### PROBLEM
When you reach the line that holds "Photo 1 VIN: 5TFAX5GN1KX163068", start copying exactly and keep going through the final line of the data, leaving out pictures.

### RAW DATA
★ ★ ★ ★

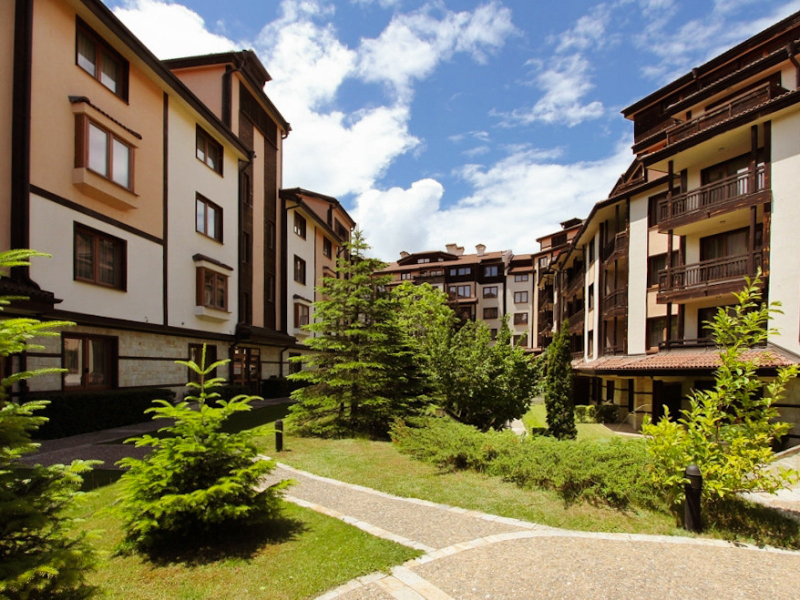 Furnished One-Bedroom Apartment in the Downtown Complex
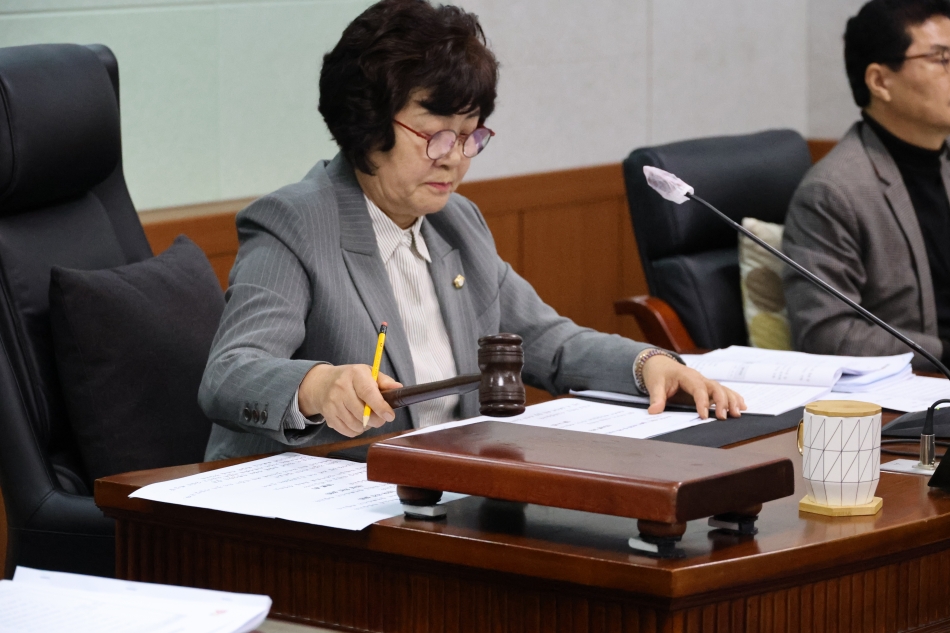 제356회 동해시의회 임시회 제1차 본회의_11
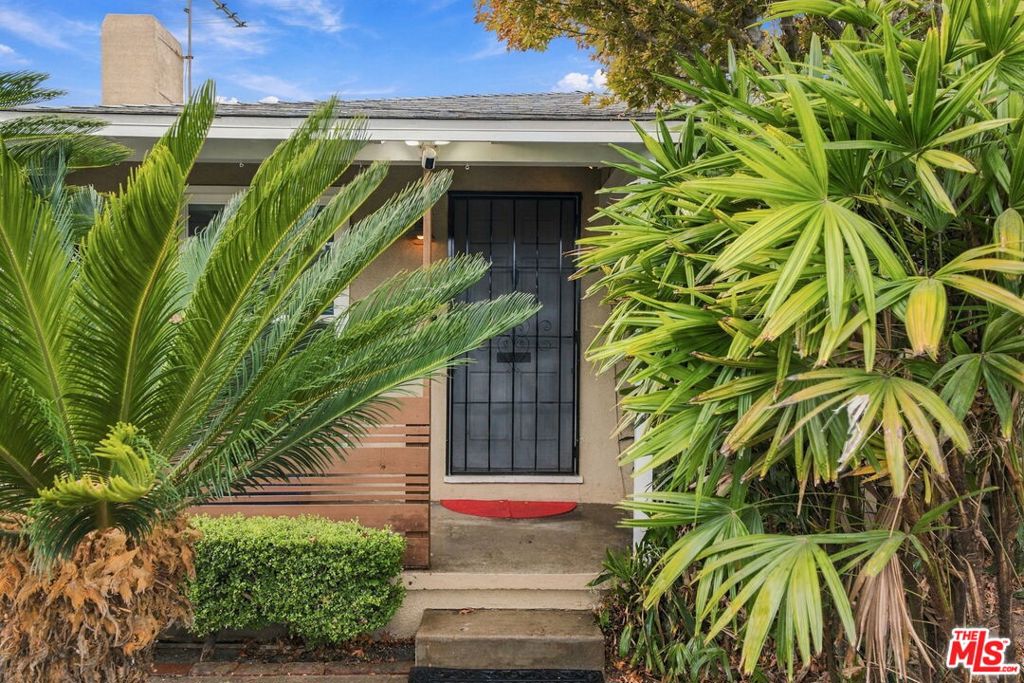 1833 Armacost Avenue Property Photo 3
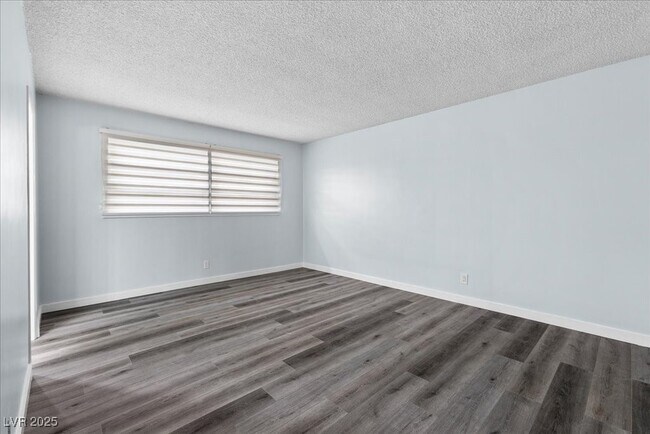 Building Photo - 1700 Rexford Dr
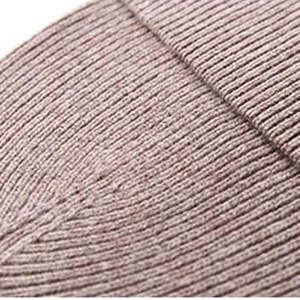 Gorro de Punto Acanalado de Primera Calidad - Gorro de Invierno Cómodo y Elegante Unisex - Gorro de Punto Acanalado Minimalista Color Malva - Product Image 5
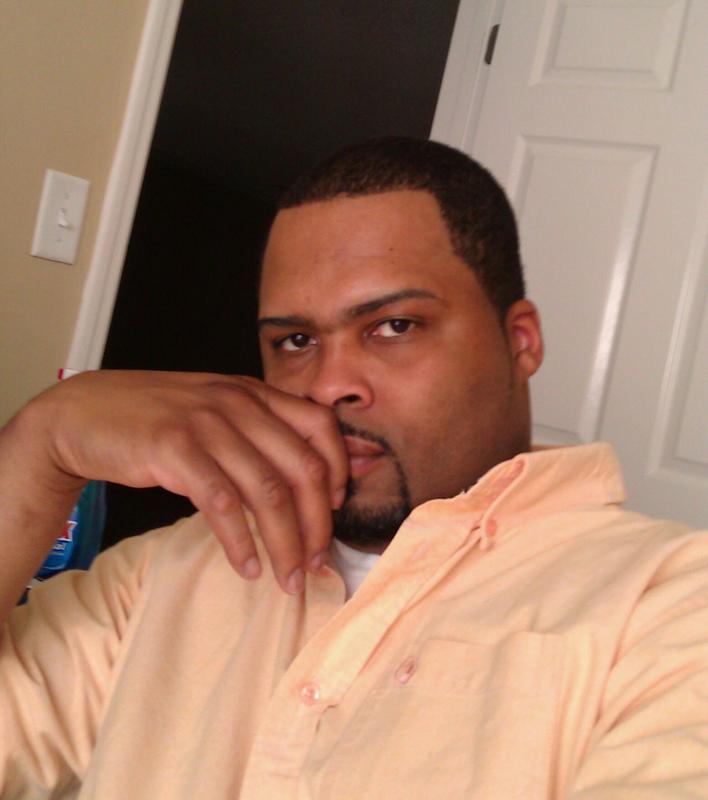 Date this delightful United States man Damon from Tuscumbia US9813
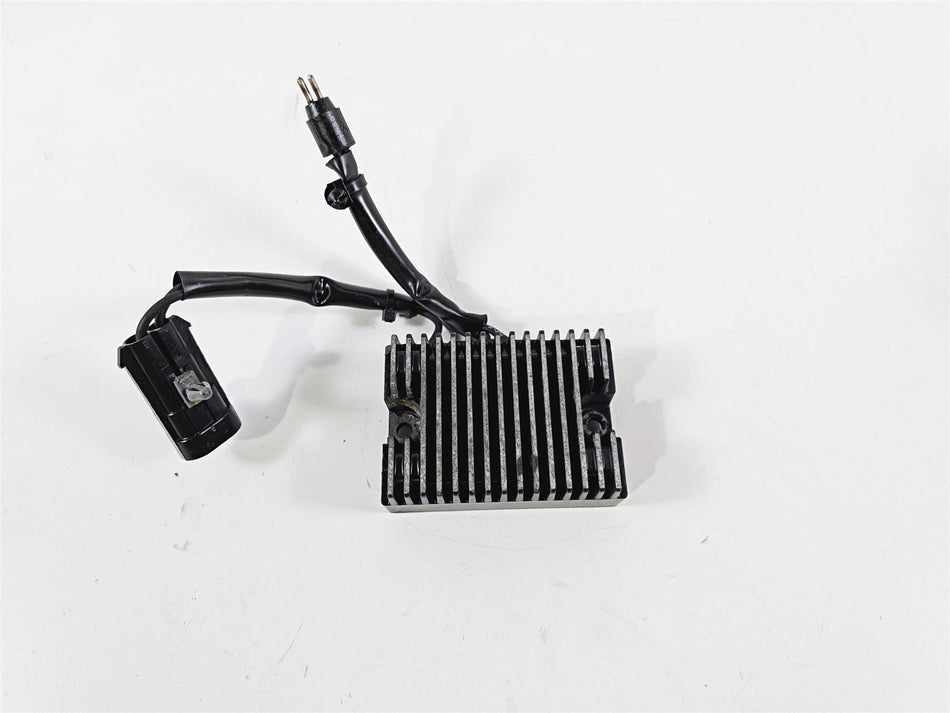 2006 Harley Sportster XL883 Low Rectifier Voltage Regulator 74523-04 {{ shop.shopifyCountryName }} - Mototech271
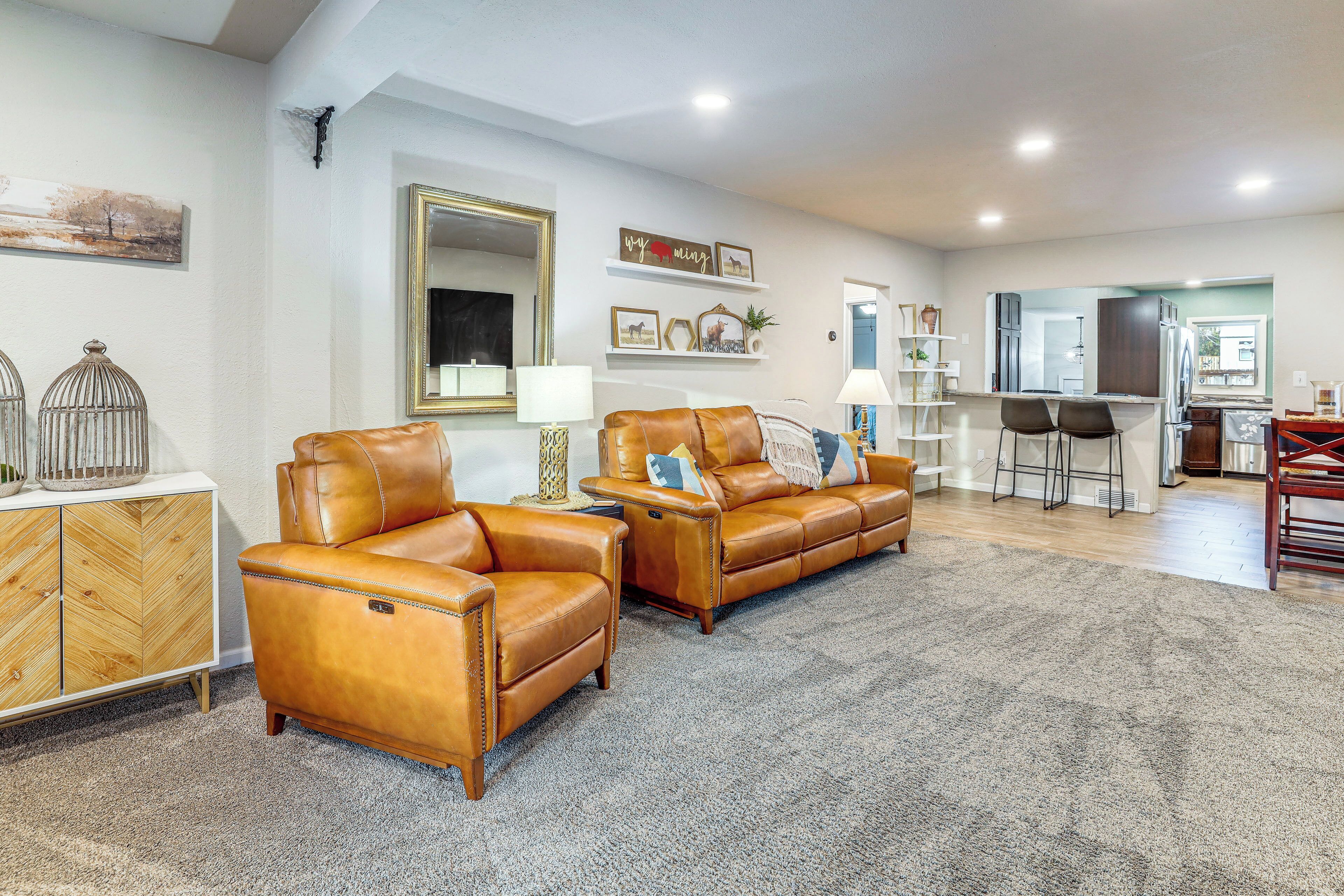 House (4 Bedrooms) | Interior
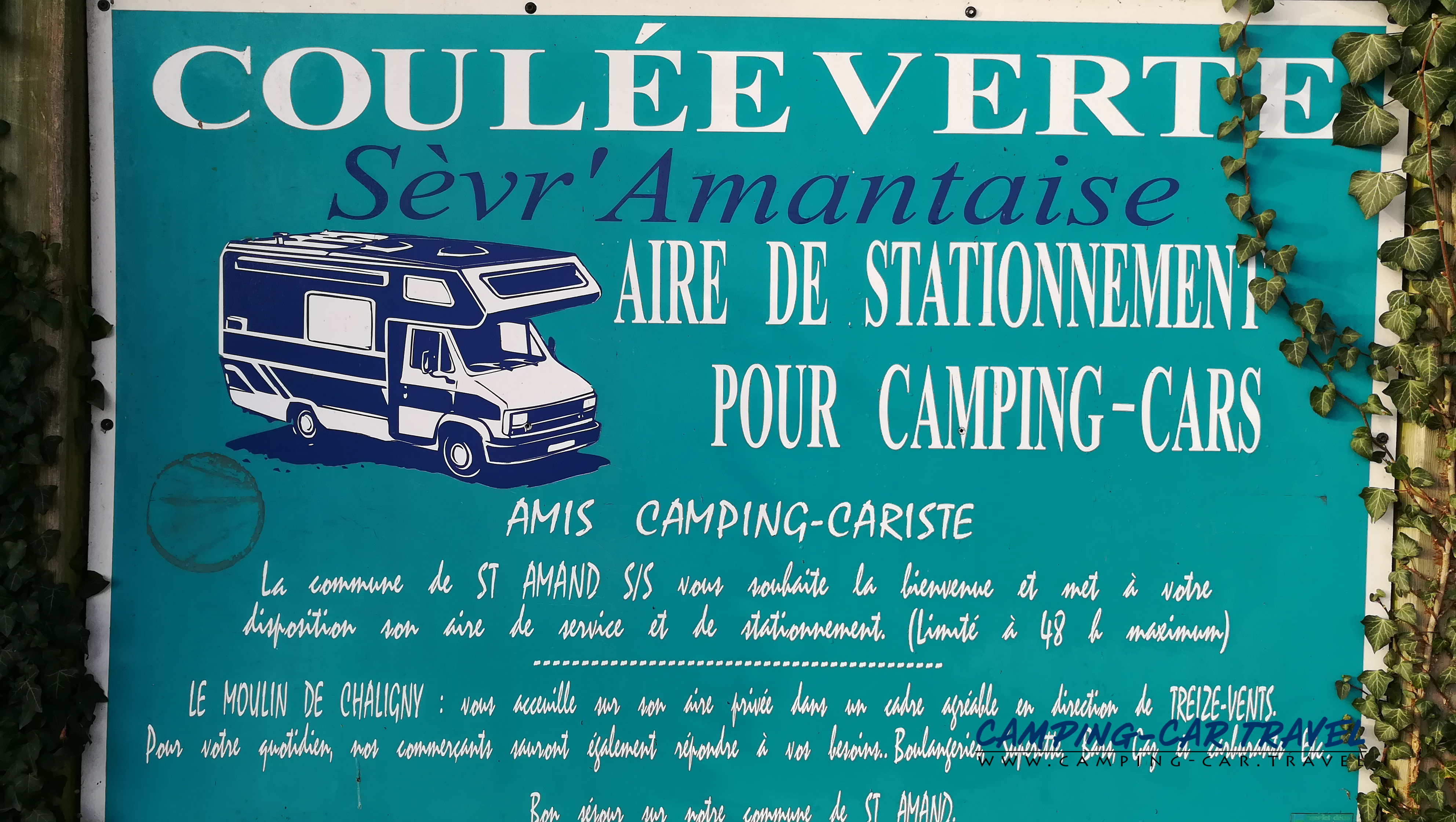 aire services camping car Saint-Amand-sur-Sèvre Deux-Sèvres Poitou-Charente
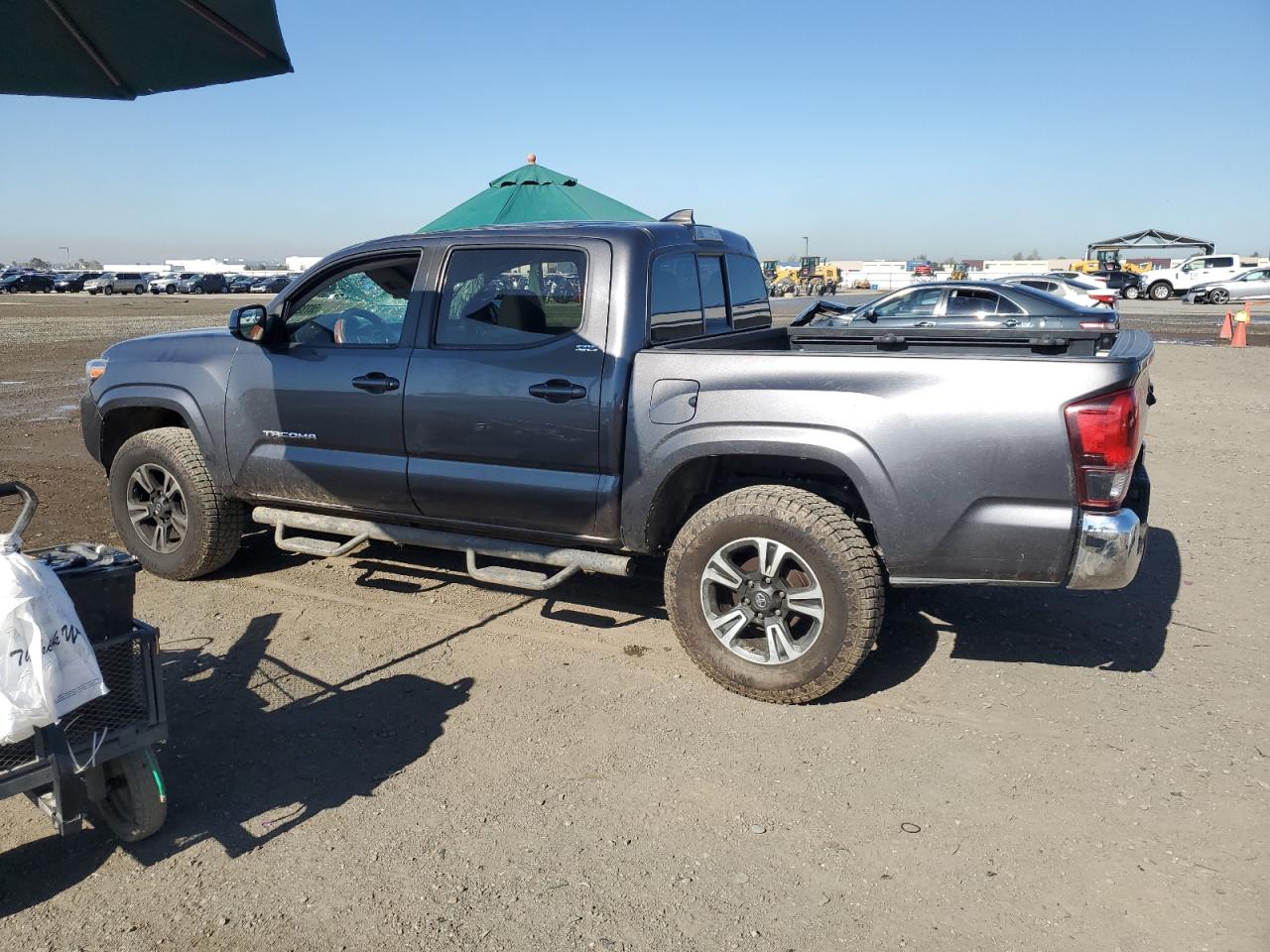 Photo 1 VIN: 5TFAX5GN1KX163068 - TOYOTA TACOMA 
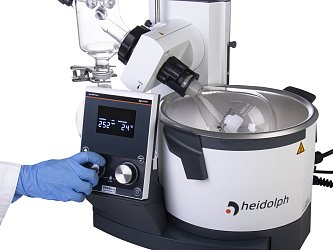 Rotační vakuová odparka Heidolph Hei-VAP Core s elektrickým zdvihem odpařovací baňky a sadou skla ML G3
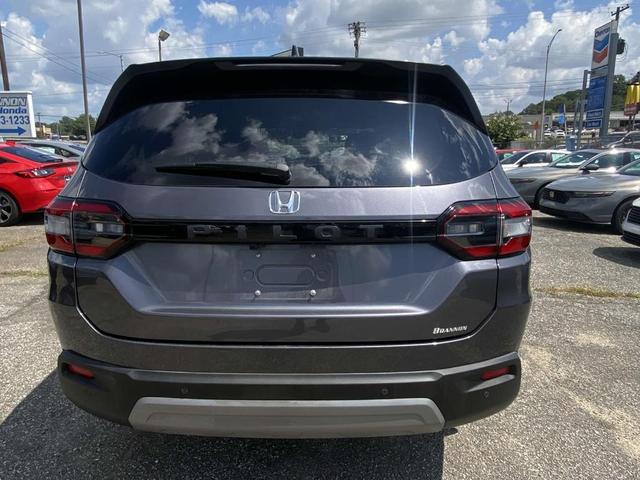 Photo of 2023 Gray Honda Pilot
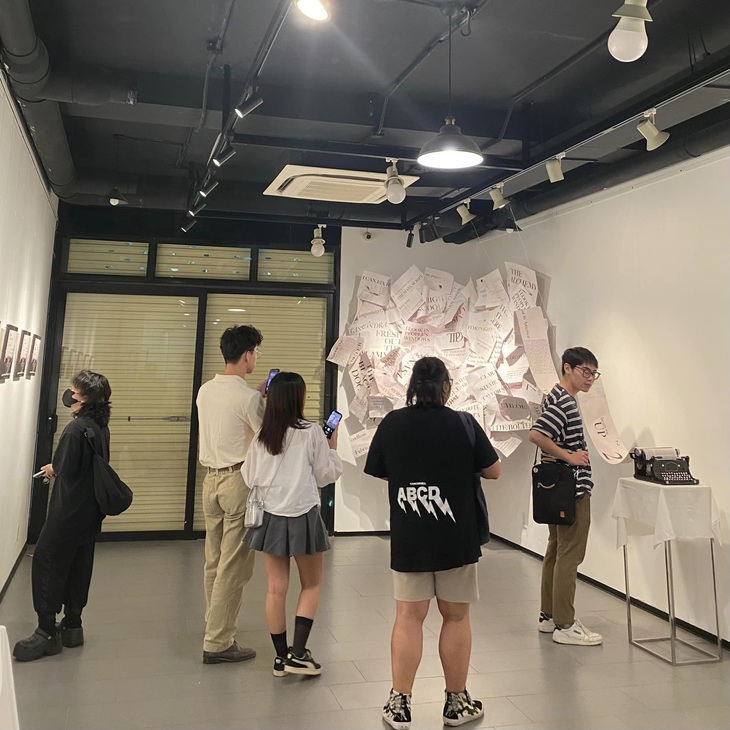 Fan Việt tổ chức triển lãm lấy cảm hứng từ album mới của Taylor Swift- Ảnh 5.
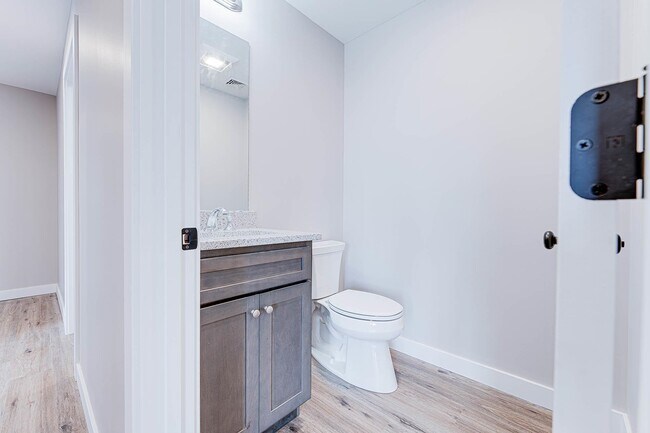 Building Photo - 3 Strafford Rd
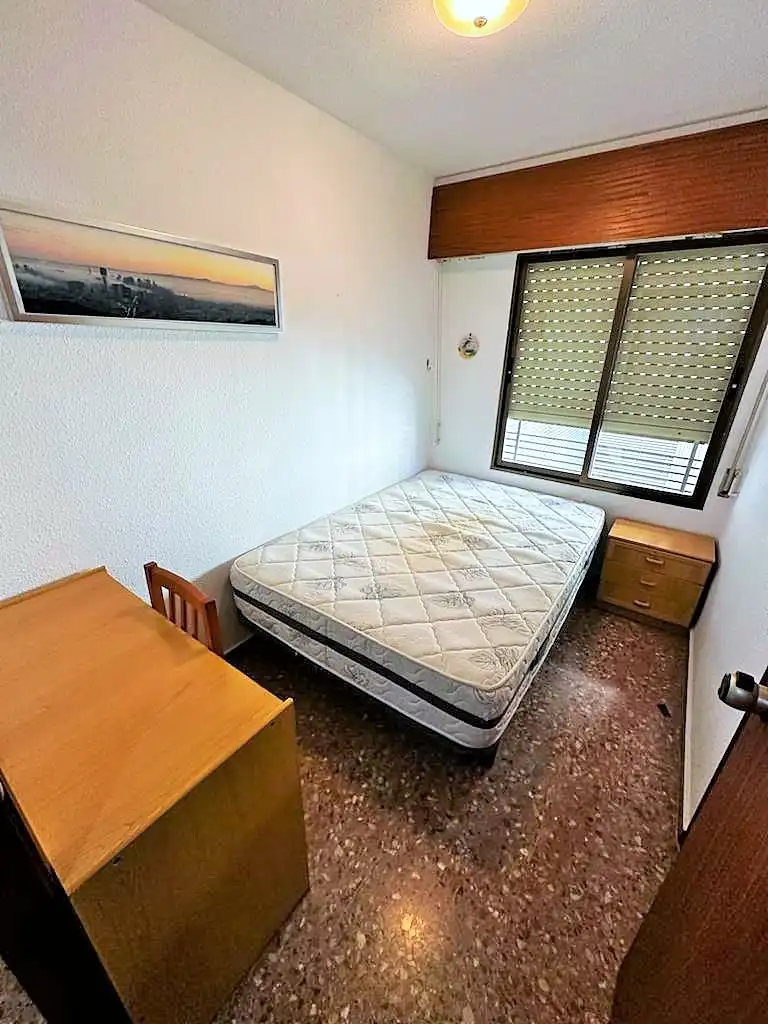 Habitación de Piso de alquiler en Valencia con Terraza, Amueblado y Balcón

★ ★ ★ ★

### OUTPUT
 Photo 1 VIN: 5TFAX5GN1KX163068 - TOYOTA TACOMA 
 Rotační vakuová odparka Heidolph Hei-VAP Core s elektrickým zdvihem odpařovací baňky a sadou skla ML G3
 Photo of 2023 Gray Honda Pilot
 Fan Việt tổ chức triển lãm lấy cảm hứng từ album mới của Taylor Swift- Ảnh 5.
 Building Photo - 3 Strafford Rd
 Habitación de Piso de alquiler en Valencia con Terraza, Amueblado y Balcón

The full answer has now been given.